I answered truthfully with a sinking heart. ‘No, sir. I would tell my sentry to go back and find out what it was. Because that is his task. My task is to command.’

‘Exactly. Go back to your room, Nevare. Face your fear. If there is something in your room that requires action from me, come to me and I will help you.’

‘But—’

‘Go, son. Face your fear like a real soldier.’

He stood there while I turned and walked away from him. Only a few months ago, my room had been close to the nursery and to my sisters’ nanny. My new room seemed very far from those safe and familiar places. The hall that led to my bedchamber seemed long and very dim. The wick in the lamp on the wall bracket had been turned low for the night. My heart hammered when I reached my own door. I had slammed it shut behind me when I fled so that whatever monster was lurking there could not follow me. I slowly turned the knob. The door swung into the darkness.
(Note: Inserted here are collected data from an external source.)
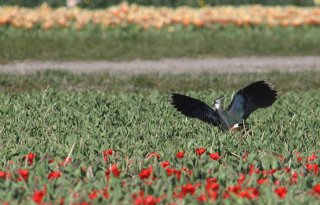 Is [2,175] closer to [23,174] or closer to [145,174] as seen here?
[23,174]

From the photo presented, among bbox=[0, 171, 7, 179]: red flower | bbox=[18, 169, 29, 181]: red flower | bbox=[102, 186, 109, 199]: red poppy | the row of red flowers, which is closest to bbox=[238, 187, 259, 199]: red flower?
the row of red flowers

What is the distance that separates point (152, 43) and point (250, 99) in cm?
1318

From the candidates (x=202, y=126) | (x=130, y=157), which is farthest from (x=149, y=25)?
(x=130, y=157)

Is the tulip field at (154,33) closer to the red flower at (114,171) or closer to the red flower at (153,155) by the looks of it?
the red flower at (153,155)

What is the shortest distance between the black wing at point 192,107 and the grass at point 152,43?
10.6m

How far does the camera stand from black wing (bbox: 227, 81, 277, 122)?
857cm

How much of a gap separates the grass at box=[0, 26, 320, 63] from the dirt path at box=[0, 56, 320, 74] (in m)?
0.46

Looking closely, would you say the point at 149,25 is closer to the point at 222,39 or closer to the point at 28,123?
the point at 222,39

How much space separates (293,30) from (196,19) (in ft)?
Result: 7.75

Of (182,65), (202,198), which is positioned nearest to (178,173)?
(202,198)

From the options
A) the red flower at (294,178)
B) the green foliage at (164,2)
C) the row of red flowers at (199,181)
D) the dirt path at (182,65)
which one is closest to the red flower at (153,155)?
the row of red flowers at (199,181)

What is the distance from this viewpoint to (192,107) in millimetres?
8352

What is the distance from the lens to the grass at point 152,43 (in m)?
19.9

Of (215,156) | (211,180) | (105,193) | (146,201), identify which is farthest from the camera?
(215,156) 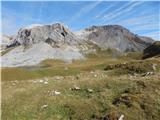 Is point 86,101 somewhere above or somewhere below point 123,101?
below

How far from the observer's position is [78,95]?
27625 millimetres

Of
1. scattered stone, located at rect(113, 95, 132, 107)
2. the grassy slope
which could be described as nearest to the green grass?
the grassy slope

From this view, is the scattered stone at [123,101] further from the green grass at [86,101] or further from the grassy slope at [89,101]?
the green grass at [86,101]

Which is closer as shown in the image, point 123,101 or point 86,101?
point 123,101

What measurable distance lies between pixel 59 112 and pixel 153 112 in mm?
7356

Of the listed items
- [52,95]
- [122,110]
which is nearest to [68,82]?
[52,95]

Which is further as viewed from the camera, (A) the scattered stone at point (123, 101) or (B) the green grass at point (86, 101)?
(A) the scattered stone at point (123, 101)

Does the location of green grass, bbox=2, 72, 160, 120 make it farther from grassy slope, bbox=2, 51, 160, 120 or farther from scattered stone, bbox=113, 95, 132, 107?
scattered stone, bbox=113, 95, 132, 107

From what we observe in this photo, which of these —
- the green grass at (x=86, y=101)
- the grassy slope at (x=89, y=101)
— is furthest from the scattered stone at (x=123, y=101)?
the green grass at (x=86, y=101)

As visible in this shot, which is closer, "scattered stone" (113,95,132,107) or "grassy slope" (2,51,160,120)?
"grassy slope" (2,51,160,120)

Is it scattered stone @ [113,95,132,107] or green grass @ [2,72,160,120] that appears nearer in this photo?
green grass @ [2,72,160,120]

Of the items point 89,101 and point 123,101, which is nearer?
point 123,101

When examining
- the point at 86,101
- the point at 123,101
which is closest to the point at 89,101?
the point at 86,101

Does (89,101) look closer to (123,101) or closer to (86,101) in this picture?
Result: (86,101)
I stood in the hall, peering into my room. It was dark. I could see the rumpled white sheet on my bed. As my eyes adjusted, I saw more detail. The bedclothes hung to the floor, and anything could be concealed behind them and under my bed. The only other pieces of furniture in my room were a desk and chair. It was possible something lurked in the chair alcove under the desk. As I watched, the long curtains stirred. The window was opened, as it was every night, that I might enjoy the benefits of healthful fresh air. It might be only the wind. But it might not.

I wished I had a weapon of some sort. But my wooden practice sword and stave were both inside the wardrobe and that was on the other side of the room. I’d have to face my fears unarmed.

To an adult, the situation might have seemed laughable, but I was a victim of my own imagination. I had no idea what might be lurking in those slowly stirring curtains. Even if it was the wind, could the being previously hiding behind them now be concealed under my bed? My heart was thundering in my ears at the thought; I’d have to get down on my hands and knees to look under the bed. Once I’d lifted the bedclothes, anything that was under there would most likely spring for my face. It would scratch out my eyes. I was certain of it.

I didn’t want to look. I thought of racing across the room and jumping up on my bed and simply forcing myself to stay there. Perhaps there was nothing at all under my bed. Perhaps I was being foolish. I could stay awake all night. If anything did emerge to attack me, I could shout for help then. I didn’t have to confront it now.

Except that I did. My father had ordered me to do so. It was what a soldier would do. And I was a second son, born to be a soldier. I could be nothing else. And I could do no less than my duty.